An Ounce of Prevention — How to Protect Your Skin
Fellow shooters, my message to you is: Protect your skin… and see a dermatologist regularly. If you are over 40 and have spent a lot of time outdoors, I suggest you see a skin doctor every year.
As gun guys (and gals) we spend a lot of time outdoors, much of it in bright sunlight. When working and playing outdoors, you should always try to minimize the risk of skin damage and possible skin cancers. Here are some practical tips:
- 1. Wear effective sunscreen. Get the kind that still works even if you sweat.
- 2. Wear a wide-brimmed hat and quality sunglasses with side protection.
- 3. Protect your arms and neck. It’s smart to wear long-sleeve shirts with high collars. There are “breathable” fabrics that still offer good sun protection.
- 4. Stay in the shade when you can. Direct sunlight is more damaging to your skin.
- 5. When testing loads or practicing you can make your own shade with an umbrella fixed to a tripod or scope stand. This has the added benefit of keeping you (and your ammo) cool.
- 6. Do a “field survey” of your skin every few weeks. Have your spouse or “significant other” inspect your back and the backside of your legs.

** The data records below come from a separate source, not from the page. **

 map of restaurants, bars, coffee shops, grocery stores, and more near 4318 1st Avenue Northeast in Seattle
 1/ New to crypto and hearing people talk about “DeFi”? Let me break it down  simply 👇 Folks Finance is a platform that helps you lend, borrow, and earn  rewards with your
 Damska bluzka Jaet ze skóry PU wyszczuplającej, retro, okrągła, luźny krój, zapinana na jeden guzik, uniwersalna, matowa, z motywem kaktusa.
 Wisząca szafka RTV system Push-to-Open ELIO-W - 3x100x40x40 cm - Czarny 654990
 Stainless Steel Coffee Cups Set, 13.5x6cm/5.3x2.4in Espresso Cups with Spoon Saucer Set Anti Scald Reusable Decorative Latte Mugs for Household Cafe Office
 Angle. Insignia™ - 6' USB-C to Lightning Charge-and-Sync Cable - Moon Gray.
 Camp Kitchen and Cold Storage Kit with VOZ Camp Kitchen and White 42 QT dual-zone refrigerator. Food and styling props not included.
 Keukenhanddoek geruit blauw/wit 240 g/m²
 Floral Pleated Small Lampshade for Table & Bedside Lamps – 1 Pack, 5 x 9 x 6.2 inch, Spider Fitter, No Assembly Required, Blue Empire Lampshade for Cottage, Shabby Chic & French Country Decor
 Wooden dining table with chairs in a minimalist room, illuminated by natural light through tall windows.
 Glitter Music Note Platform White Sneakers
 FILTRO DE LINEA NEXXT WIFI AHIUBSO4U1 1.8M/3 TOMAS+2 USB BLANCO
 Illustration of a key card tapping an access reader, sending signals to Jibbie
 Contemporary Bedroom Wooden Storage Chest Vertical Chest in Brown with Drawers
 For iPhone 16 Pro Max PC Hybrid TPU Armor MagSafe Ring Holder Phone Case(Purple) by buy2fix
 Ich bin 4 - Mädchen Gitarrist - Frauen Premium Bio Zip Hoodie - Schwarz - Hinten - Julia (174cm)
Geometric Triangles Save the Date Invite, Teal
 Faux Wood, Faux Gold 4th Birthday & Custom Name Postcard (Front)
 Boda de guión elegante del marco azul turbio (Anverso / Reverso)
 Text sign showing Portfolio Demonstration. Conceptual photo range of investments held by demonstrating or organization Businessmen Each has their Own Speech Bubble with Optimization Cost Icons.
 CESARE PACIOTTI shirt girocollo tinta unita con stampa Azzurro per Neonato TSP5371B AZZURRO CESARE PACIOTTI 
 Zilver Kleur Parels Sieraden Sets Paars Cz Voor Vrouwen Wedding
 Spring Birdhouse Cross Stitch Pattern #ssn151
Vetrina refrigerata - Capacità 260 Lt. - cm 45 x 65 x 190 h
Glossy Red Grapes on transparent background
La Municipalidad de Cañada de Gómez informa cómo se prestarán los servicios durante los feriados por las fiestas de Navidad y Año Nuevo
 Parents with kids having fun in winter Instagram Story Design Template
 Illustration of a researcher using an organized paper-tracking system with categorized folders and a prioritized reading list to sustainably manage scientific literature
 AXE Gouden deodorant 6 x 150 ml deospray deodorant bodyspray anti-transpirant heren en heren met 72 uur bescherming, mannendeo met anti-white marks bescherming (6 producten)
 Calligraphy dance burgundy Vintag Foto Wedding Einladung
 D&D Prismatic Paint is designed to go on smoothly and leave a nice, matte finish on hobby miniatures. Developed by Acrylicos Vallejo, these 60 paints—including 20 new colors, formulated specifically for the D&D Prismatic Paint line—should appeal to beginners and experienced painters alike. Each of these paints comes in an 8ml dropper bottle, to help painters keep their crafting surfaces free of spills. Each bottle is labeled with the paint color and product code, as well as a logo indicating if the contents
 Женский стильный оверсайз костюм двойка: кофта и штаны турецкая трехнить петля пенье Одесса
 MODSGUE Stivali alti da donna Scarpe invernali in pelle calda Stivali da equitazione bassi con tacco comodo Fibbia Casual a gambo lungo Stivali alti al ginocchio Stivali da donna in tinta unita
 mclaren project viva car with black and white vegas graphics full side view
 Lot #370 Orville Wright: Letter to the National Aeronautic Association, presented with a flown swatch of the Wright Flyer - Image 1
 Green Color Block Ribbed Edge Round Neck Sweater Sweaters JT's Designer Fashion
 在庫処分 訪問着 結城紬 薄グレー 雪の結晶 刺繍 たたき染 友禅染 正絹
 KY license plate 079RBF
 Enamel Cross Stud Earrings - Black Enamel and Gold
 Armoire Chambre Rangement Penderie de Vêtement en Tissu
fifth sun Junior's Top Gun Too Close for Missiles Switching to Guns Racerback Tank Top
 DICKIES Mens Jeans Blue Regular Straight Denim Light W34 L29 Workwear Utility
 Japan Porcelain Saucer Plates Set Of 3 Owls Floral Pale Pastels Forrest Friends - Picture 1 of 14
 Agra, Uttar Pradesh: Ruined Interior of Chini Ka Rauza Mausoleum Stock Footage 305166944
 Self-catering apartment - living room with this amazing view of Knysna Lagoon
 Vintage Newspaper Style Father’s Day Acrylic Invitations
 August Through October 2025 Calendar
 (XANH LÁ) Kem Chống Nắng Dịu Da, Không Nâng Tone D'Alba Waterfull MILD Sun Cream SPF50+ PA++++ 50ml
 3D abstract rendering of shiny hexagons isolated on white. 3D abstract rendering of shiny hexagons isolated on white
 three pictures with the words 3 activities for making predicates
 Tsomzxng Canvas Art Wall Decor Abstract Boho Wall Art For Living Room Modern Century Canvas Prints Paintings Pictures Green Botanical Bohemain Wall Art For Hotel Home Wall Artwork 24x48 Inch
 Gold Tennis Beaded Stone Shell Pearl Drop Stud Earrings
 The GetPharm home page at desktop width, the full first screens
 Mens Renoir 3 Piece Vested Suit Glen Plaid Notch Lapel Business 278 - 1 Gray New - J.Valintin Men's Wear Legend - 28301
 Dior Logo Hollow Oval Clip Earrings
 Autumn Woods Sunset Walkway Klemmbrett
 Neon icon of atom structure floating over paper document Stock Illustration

What to Look For — How to Spot Possible Skin Cancers
Here is an illustration that shows various types of skin cancers. But understand that an early basal cell carcinoma can be much, more subtle — it may just look like a small, pale pink spot. Also, if you have a scab that flakes off and re-appears, that might be a cancer. In the case of the basal cell on my face, I initially thought it was just a shaving abrasion. The skin was just slightly pinkish, with a little scab that would form and come back. But after a couple months, it never got any better. That’s what prompted me to see the doctor. And I’m glad I did….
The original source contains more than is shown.